WHAT YOU NEED TO DO: Scan the entries below for the word "Nike". Copy out every line in which it occurs.
(RECORDS FOR PROCESSING begins)
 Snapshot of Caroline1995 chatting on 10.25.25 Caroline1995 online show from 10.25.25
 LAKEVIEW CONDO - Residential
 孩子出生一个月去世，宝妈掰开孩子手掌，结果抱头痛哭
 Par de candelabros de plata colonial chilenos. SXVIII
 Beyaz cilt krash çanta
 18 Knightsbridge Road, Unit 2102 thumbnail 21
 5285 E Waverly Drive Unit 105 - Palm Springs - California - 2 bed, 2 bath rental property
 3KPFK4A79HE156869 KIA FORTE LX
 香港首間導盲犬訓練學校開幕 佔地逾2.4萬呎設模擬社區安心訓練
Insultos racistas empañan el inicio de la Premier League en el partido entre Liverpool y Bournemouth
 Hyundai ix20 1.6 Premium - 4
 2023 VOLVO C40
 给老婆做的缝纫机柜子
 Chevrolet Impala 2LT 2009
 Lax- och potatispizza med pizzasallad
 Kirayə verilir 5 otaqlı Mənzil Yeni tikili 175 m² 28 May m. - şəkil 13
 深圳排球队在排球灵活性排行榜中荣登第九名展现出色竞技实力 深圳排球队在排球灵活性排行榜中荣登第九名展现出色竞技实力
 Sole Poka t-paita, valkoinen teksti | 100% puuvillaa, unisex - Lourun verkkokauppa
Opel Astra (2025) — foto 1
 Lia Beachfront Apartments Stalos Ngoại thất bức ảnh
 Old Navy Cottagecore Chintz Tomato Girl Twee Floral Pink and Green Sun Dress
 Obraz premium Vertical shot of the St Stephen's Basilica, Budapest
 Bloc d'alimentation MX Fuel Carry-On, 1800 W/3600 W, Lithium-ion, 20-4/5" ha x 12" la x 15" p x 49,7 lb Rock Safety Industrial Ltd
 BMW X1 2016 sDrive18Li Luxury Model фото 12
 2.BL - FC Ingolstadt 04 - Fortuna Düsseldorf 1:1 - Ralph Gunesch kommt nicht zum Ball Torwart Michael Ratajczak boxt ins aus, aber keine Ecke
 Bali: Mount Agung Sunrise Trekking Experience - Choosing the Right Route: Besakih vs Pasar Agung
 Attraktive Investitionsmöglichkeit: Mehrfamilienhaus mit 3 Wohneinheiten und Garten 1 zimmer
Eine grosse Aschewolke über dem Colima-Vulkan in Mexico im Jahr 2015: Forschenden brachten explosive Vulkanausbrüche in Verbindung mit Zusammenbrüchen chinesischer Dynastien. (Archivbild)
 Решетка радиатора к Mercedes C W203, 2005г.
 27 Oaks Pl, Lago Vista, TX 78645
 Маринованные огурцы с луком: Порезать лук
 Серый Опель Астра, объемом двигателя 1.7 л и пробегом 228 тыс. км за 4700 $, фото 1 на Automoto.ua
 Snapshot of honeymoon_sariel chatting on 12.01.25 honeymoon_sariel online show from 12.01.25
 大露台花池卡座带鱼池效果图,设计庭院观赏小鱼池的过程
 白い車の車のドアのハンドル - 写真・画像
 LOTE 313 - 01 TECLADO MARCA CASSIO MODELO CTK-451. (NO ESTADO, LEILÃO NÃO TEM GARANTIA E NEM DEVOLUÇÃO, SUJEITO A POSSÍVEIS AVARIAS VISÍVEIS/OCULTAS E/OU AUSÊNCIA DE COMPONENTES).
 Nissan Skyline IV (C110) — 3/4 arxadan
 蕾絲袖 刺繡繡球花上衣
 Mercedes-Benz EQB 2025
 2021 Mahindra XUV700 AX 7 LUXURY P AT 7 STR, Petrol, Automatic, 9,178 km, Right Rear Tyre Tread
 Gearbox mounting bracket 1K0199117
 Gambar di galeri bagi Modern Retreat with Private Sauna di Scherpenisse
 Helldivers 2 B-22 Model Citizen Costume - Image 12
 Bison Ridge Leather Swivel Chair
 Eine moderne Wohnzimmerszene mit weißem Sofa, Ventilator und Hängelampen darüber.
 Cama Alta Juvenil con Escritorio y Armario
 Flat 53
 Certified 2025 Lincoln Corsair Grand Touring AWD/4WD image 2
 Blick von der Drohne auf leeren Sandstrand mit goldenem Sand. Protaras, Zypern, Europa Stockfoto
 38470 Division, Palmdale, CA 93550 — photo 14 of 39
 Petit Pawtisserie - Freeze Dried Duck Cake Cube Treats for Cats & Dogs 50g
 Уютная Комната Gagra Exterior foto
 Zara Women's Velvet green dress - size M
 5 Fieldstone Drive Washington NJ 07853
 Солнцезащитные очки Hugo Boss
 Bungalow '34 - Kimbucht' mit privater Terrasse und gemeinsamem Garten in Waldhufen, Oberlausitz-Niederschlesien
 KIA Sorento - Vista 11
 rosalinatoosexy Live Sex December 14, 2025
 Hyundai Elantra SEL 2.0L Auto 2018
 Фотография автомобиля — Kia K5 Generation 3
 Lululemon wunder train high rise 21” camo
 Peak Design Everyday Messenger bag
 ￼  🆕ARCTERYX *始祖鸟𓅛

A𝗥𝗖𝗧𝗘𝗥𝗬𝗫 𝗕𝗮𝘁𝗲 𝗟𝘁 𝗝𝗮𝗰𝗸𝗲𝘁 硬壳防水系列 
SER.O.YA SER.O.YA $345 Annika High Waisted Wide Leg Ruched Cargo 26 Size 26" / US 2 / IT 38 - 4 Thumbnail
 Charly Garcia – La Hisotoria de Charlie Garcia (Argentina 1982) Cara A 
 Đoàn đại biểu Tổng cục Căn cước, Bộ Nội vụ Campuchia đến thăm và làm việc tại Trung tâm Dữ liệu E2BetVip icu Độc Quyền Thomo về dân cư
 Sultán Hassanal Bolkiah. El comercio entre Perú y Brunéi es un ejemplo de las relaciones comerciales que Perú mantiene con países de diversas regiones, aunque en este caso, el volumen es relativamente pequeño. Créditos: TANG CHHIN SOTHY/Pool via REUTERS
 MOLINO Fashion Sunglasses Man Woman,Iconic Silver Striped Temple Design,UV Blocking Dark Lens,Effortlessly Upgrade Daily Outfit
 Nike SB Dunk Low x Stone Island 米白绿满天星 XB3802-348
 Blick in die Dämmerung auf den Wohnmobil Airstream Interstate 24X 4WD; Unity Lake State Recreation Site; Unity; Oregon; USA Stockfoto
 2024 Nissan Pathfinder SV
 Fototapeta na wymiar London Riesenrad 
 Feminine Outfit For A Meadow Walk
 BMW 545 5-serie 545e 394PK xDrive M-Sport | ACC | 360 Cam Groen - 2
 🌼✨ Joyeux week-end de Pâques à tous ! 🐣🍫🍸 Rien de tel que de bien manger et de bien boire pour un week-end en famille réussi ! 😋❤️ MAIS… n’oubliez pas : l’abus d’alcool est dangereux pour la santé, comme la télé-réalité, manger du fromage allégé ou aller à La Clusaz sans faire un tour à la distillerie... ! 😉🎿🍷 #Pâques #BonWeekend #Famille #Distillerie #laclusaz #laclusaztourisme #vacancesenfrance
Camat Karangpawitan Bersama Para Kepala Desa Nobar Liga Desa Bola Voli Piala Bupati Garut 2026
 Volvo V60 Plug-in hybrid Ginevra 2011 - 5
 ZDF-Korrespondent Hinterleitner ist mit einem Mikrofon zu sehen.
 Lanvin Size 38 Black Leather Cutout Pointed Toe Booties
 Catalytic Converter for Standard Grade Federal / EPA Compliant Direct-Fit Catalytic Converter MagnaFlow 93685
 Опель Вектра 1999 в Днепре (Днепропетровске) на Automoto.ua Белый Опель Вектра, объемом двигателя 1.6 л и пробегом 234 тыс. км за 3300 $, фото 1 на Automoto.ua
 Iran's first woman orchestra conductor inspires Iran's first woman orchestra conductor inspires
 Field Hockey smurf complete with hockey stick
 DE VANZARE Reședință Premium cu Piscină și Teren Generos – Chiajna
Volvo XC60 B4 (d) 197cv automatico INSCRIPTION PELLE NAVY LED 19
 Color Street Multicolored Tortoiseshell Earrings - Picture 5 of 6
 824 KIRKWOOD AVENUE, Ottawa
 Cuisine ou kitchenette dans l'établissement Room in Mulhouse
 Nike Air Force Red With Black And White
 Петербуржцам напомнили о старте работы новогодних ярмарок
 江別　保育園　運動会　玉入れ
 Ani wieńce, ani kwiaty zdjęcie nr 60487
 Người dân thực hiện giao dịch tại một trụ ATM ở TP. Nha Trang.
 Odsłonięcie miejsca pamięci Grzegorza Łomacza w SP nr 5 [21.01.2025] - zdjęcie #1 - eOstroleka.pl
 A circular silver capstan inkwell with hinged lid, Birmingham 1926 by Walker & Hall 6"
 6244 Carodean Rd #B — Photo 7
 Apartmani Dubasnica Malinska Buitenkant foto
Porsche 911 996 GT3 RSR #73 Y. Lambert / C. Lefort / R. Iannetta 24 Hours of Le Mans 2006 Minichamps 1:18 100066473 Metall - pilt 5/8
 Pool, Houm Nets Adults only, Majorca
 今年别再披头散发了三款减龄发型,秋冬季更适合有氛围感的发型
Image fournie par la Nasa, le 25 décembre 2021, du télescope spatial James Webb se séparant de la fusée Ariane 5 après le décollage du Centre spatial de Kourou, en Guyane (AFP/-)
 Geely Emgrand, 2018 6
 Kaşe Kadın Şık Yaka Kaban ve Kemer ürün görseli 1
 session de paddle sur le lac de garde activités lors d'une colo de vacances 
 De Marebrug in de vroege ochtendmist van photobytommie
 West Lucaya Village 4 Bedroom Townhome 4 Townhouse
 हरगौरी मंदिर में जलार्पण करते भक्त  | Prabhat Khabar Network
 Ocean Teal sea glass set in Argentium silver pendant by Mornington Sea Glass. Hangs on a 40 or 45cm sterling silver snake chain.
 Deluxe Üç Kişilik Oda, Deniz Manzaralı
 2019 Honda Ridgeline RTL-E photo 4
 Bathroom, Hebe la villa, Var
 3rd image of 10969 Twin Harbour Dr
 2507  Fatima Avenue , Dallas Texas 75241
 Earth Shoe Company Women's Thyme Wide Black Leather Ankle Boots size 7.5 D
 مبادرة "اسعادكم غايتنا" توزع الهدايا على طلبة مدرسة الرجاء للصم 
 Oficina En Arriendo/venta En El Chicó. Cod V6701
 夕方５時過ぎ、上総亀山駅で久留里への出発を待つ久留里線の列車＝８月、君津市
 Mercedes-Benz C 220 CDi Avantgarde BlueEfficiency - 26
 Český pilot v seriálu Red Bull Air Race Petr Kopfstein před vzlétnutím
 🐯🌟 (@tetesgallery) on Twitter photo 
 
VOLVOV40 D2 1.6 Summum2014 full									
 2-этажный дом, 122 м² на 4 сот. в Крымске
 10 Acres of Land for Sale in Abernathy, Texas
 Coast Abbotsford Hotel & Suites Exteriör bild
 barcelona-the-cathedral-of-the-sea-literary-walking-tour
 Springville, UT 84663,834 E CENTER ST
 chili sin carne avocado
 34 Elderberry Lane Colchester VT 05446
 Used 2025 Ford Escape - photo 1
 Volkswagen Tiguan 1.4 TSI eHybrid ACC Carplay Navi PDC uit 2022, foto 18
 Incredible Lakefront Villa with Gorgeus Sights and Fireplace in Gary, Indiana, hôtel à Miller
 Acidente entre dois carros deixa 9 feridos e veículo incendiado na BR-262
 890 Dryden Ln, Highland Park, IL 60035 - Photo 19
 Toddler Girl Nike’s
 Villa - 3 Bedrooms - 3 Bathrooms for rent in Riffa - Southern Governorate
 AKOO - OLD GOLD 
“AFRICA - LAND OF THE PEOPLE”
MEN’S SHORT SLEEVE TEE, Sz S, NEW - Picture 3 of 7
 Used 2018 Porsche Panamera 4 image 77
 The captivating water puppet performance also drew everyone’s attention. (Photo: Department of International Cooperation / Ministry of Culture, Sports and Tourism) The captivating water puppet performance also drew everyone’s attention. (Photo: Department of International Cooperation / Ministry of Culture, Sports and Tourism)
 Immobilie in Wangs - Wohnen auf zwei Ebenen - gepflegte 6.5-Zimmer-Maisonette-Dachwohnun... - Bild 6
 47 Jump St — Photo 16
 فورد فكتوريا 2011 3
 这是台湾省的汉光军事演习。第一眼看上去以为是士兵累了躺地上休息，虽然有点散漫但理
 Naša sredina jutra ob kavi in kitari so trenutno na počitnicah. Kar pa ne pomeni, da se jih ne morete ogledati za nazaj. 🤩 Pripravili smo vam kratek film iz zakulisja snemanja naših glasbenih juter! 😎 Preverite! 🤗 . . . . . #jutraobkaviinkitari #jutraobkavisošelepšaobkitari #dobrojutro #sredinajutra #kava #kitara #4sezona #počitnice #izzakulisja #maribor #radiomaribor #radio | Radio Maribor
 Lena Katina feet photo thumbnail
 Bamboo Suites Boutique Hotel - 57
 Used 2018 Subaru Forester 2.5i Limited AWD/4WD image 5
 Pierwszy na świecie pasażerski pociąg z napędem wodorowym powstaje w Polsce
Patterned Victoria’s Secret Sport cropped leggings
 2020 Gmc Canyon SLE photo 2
(RECORDS FOR PROCESSING ends)
ANSWER BELOW:
 Nike SB Dunk Low x Stone Island 米白绿满天星 XB3802-348
 Nike Air Force Red With Black And White
 Toddler Girl Nike’s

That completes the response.